N’Diaye, who coached Senegal’s national team in 2008, was not wrong in his instincts, and he piloted the DR Congo side through to the last four, building their confidence as he went. Against JS Kabylie, a 3-1 victory and a goalless draw in Algeria were good enough to see the club through to their fifth Champions League final, where they were to meet Tunisian club Esperance, whom they had beaten once and lost against in the group stages. A 5-0 victory at home in Lubumbashi made the 1-1 draw in the return leg almost a formality, but that did not lessen the celebrations as Les Corbeaux (The Crows) not only became the first club in the history of African football to twice successfully defend the Champions Cup, they also earned themselves a spot at the FIFA Club World Cup.
For N’Diaye, being able to take a team to the biggest stage a club can perform on is like a dream come true.

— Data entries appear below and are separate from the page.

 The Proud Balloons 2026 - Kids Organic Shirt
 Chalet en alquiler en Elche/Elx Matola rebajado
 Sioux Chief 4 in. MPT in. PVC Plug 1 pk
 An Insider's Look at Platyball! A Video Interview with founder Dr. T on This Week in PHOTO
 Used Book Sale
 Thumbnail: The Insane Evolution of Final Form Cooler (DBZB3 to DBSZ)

In last year’s competition in Abu Dhabi, the African team lost their opening match 2-1 to the Asian champions Pohang Steelers and then lost the play-off for fifth place to Oceania's representative Auckland City 3-2. N’Diaye, who replaced Frenchman Diego Garzitto, is determined to help the club improve this time around.
"We want to perform better than last year when we lost our two games,” the 54-year-old told African Football Media. “We are ambitious. Not only me because it is my first FIFA Club World Championship, but the players as well are driven to show the world how skilful and good they are."

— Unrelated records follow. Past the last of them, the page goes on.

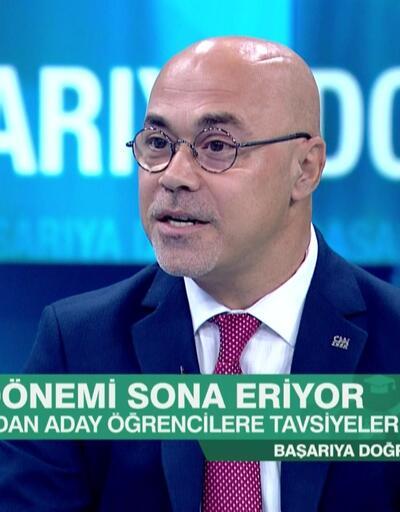 Turgut Özay'dan adaylar için tercih önerileri 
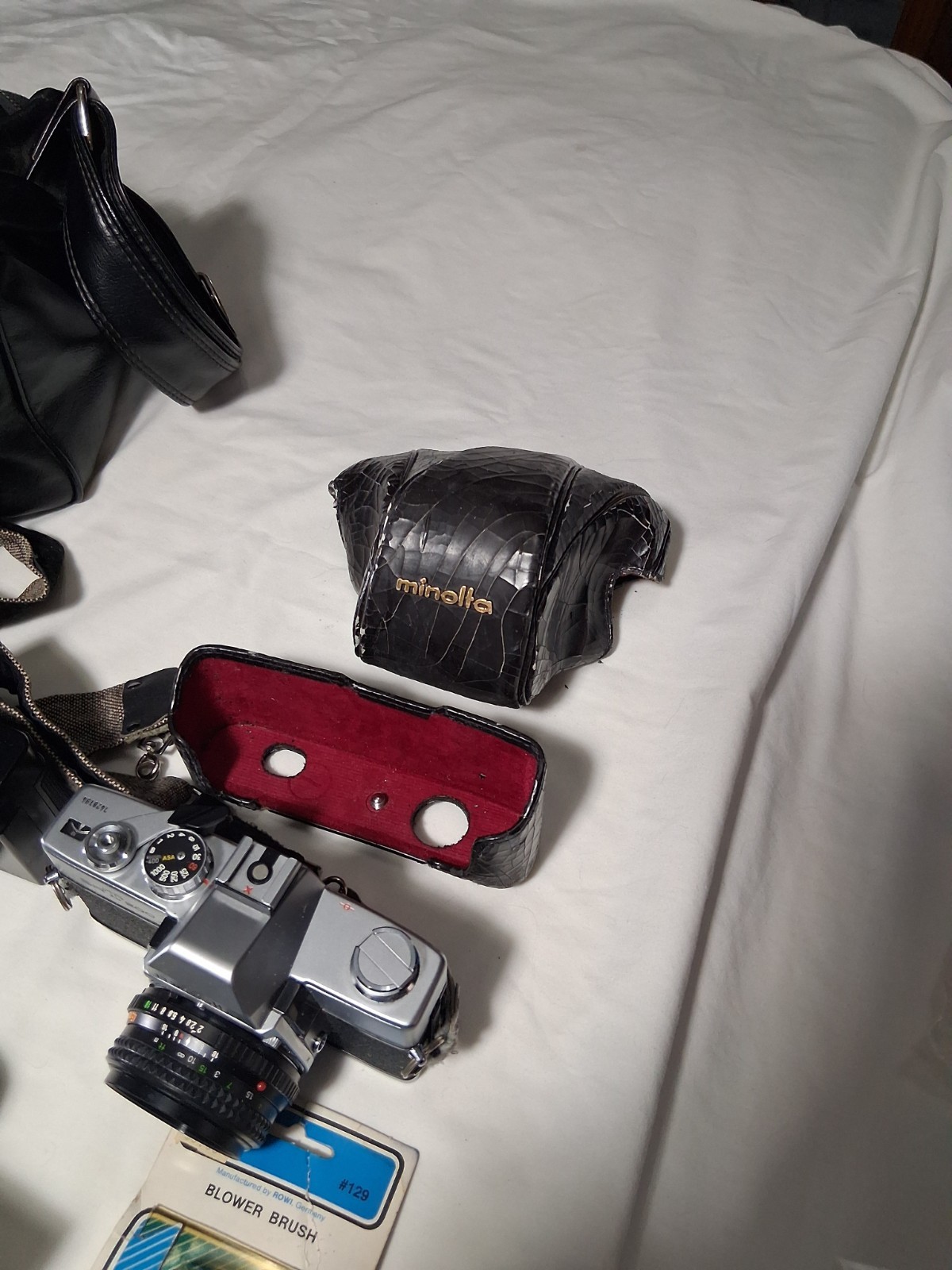Cameras & Accessories Lot Untested Parts Only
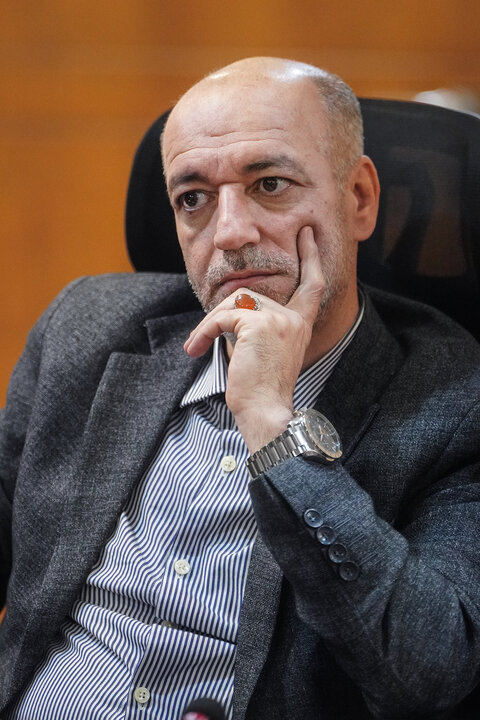 بررسی عملکرد حوزه ریاست ستاد اجرایی فرمان امام با حضور فتاح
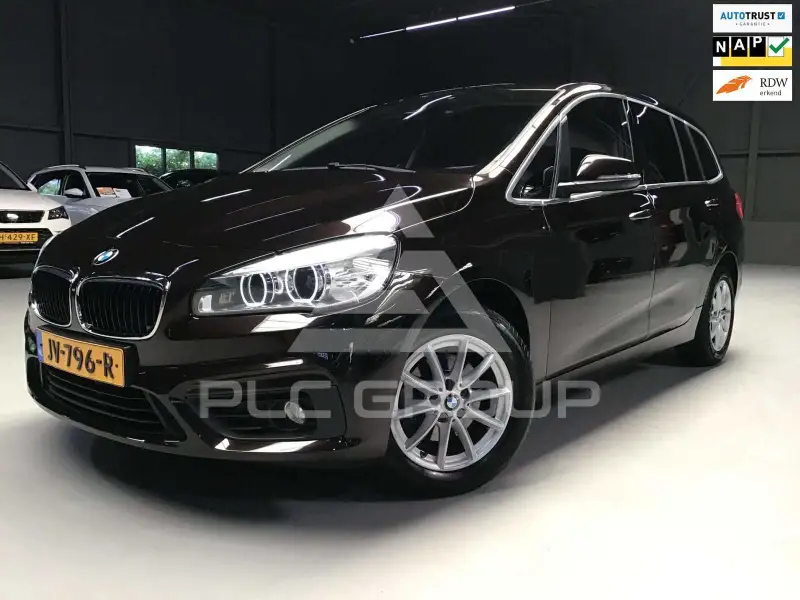 2016 BMW 216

Mazembe have been drawn to play against Mexican club Pachuca CF in the first round and N’Diaye believes it is a match they can win. "We have done some research on Pachuca, so we know them well. They are participating for the third time. ‘Appetite comes while eating,’ as we say in French. So it means we will target a victory for our first game."

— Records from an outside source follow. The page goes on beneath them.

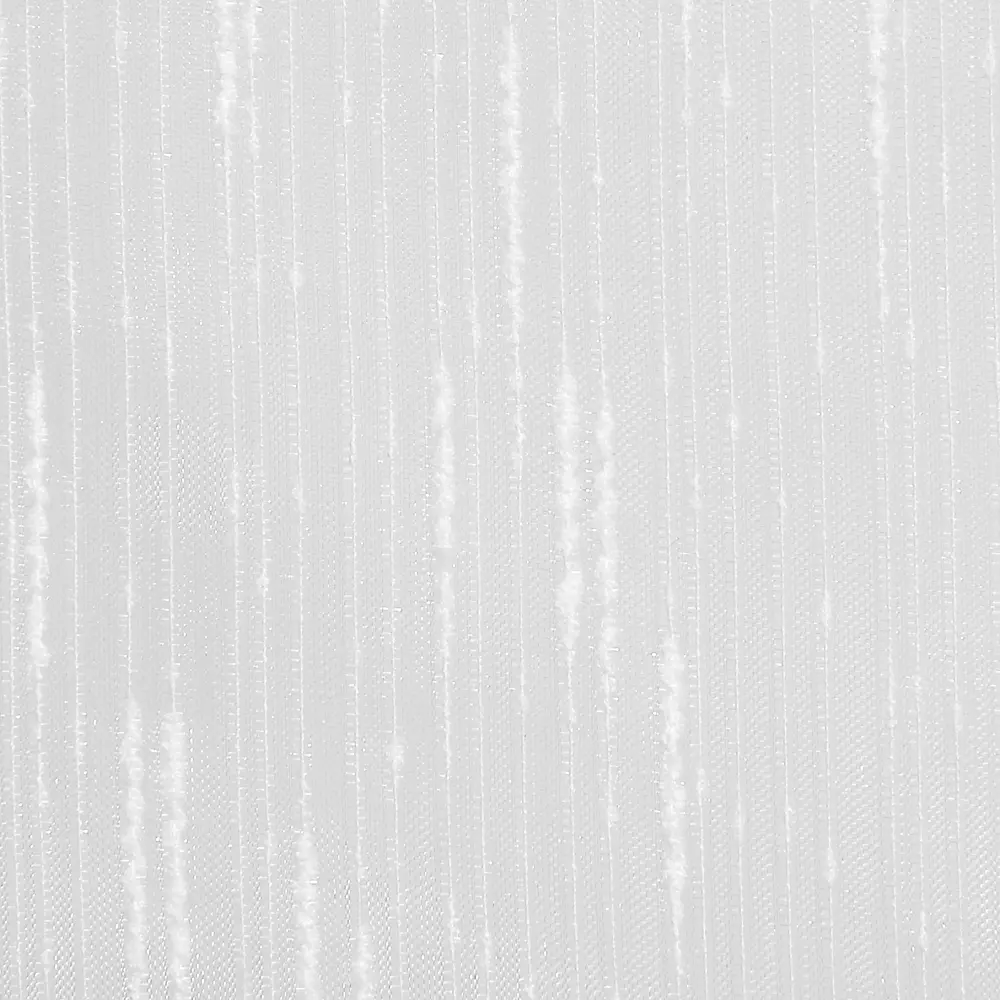 Тюль на ленте «Дождик», 250x260 см, полоски, цвет белый AMORE MIO STLM-2094421 - Вид №3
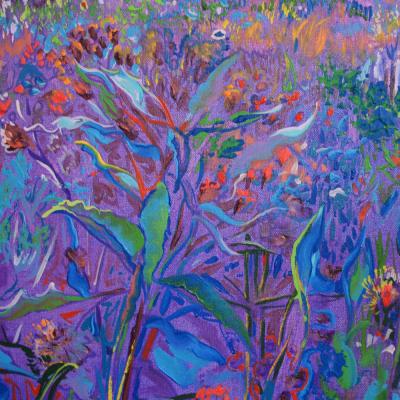 Dmitri Wright Bee and Dragonfly Dmitri Wright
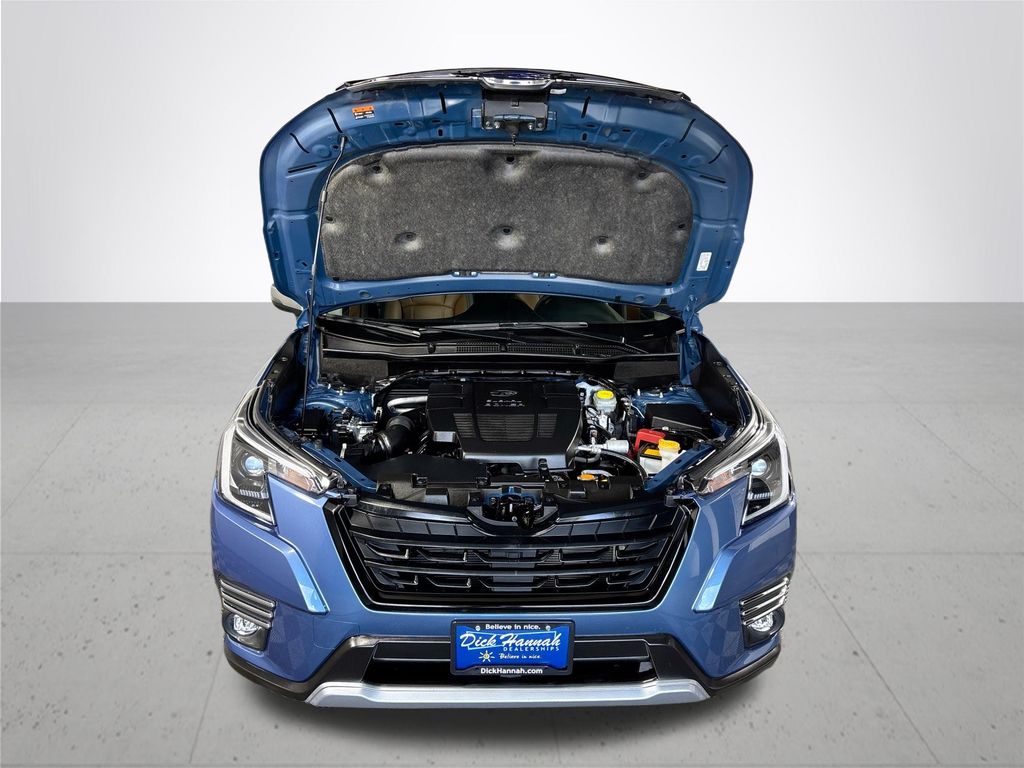 2023 Subaru Forester Touring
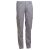 TALLINN. Men's workwear trousers, Male, 98% cotton and 2% spandex: 240 g/m², Grey, XXL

The chairman of the club is Congolese businessman and politician Moise Katumbi, who has spent a small fortune bringing the club back to its old glory days. His money means that N’Diaye can call on the best-possible preparations for the tournament in Abu Dhabi. "We will do everything to reach our goal, so we are training seriously, trust me,” said N’Diaye. “We already played a friendly against a Zambian side, and we won 1-0, and we might play an extra friendly in Abu Dhabi against a side there. But I also have to remember that my players are tired, some of them have played around 60 games this year since January. The season has been very long for them.”
A point to prove
One of the players who can look back on a long season is goalkeeper Robert Muteba Kidiaba, for whom the defeat of Esperance has opened up an opportunity to prove a point. Last year, in the game against Auckland, he was sent off midway through the first half for handling the ball outside the area. The 34-year-old knows that his playing days are nearing an end and he is grateful that he will once again have an opportunity to parade his skills on such a high level and hopefully perform some of the bottom-dragging celebrations that he is known for.
"I am looking forward to playing,” he explained. “Last year people remembered me because of the red card. This year I want them to remember me for my skill, not a sending off. Immediately after winning the Champions League we started preparing for the Club World Championship, and I think we can do much better this time around."
Africa's past performances in the competition have not been particularly impressive and only north African teams Al Ahly and Etoile du Sahel have managed to win a game at the showpiece of club football, with Al Ahly's third-place finish in 2006 being the continent’s best showing. "We want to win a game, and we will try our very best to make that happen. Not only for our own fans, but for Africa, because we will be representing Africa in Abu Dhabi," Kidiaba said.